Speaking of work, now we actually try to have you do something. To confirm that you are able to find the right file to edit, change the line that says “The student should change this line” to “NAME has changed this line” (where NAME is your name). Also change the NetID line to have your actual University NetID rather than “Change This”. This isn’t rocket science, but it’s the thing you do with workbooks: edit the files in the for_students directory.

After you change 01-01-01.html, you may need to reload the page in order to see your changes. If you are using the Visual Studio Code Live Server (which we strongly recommend, see Visual Studio Code (VSCode) for CS559), this should be automatically reloaded for you.

Congratulations, you’ve actually done your first workbook task. If you looked at the rubric on the first page of the workbook, you would have seen that you get points for changing box “01-01-01”. We can repeat the relevant bit here:

Box 01-01-01 Rubric (2 points total)
Points (2):
Box 01-01-01
2 pt
change web page text

This will be the first of many boxes you will change over the course of the semester. Doing this trivial first assignment makes sure you can find the files that you should edit, and understand the architecture of boxes.

Some thoughts on HTML in CS559

For CS559, we will assume that you know the basics of how to make web pages so that you can make pages to put your graphics programs on. We will only need some basic HTML and CSS stuff.
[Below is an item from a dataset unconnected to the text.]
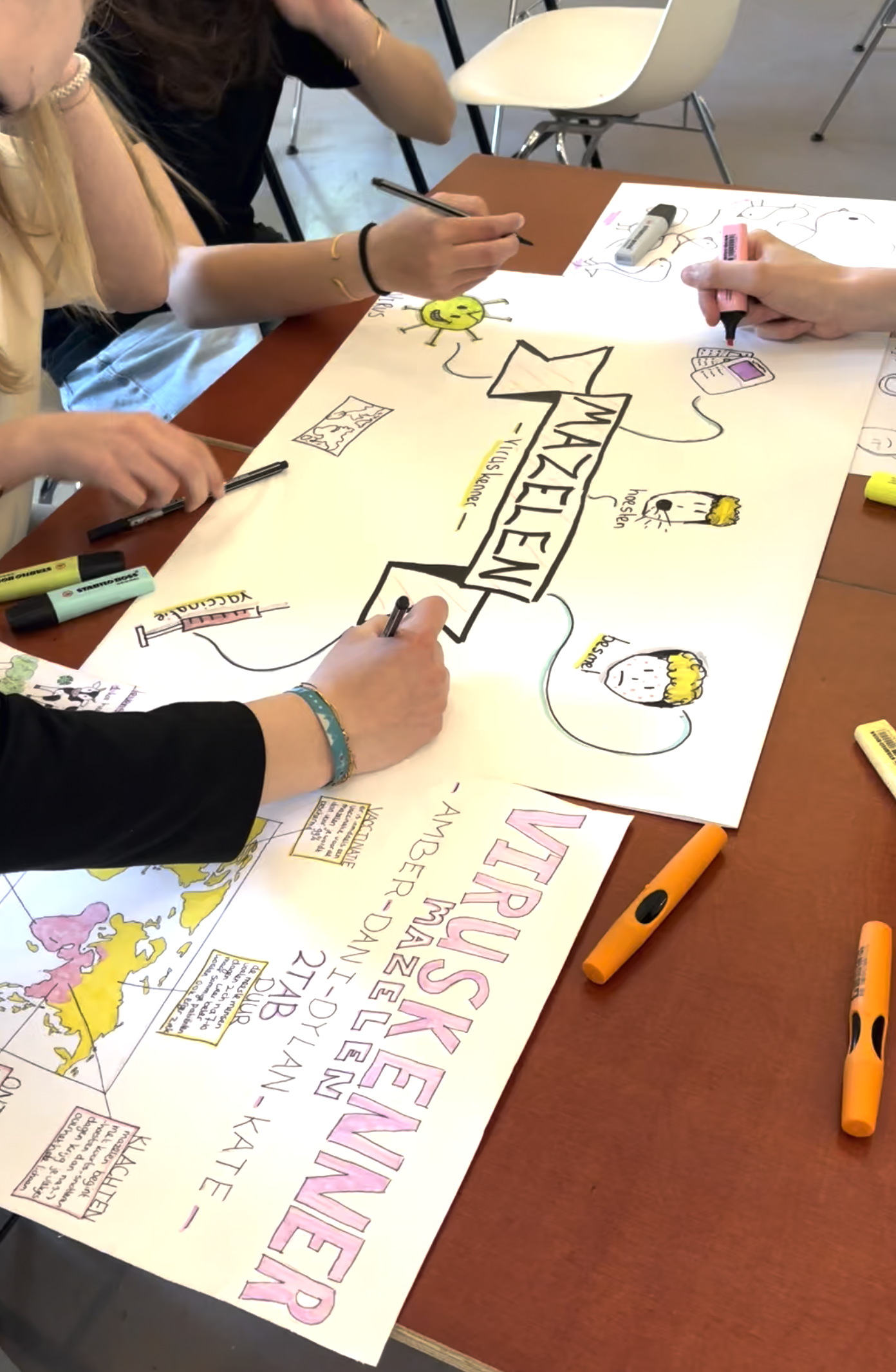 Leerlingen maken visuele pitch tijdens teken workshop Viruskener 2026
We won’t use any fancy HTML stuff for class - we will only make basic pages that we will put graphics on. However, you will need to know the basics so that you can read and write the workbooks.

To make things easier, we are trying to keep the HTML simple, the pages for this class might look a bit ugly. You can make nice looking things with HTML, but it takes effort, and leads to HTML that is harder to read.

Typically, we would use tools to help us write HTML, rather than just typing it in an editor or IDE. In fact, the HTML for these workbooks and the class website is built with Hugo, which converts markdown into HTML for us, and does other nice things. You don’t need to worry about Hugo. For class, what we need to do within the boxes is so simple, we’re better off just writing raw HTML and using the same IDE that we use for programming.